= Required action =
In the data below, find the line that contains "Ireland-4631" and the line that contains "大阪府のラグドール (ペットプラス 四條畷店/2025年9月10日生まれ/女の子/シールポイントバイカラー)の子猫の1枚目の画像". Copy both, plus every line between them, exactly.

----- Data supplied

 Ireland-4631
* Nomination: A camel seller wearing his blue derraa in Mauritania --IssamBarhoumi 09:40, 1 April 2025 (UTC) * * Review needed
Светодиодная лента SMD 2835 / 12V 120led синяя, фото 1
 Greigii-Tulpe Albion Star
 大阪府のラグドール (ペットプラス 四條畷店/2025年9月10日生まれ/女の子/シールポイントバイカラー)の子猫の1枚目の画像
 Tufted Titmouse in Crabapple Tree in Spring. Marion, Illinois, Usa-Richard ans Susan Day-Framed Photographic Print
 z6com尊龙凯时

----------
----- Data supplied

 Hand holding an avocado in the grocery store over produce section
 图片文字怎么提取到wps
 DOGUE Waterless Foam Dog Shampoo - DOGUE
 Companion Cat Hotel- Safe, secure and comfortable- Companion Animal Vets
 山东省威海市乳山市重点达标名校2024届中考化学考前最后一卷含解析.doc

----------

= Solved exercise =
 Ireland-4631
* Nomination: A camel seller wearing his blue derraa in Mauritania --IssamBarhoumi 09:40, 1 April 2025 (UTC) * * Review needed
Светодиодная лента SMD 2835 / 12V 120led синяя, фото 1
 Greigii-Tulpe Albion Star
 大阪府のラグドール (ペットプラス 四條畷店/2025年9月10日生まれ/女の子/シールポイントバイカラー)の子猫の1枚目の画像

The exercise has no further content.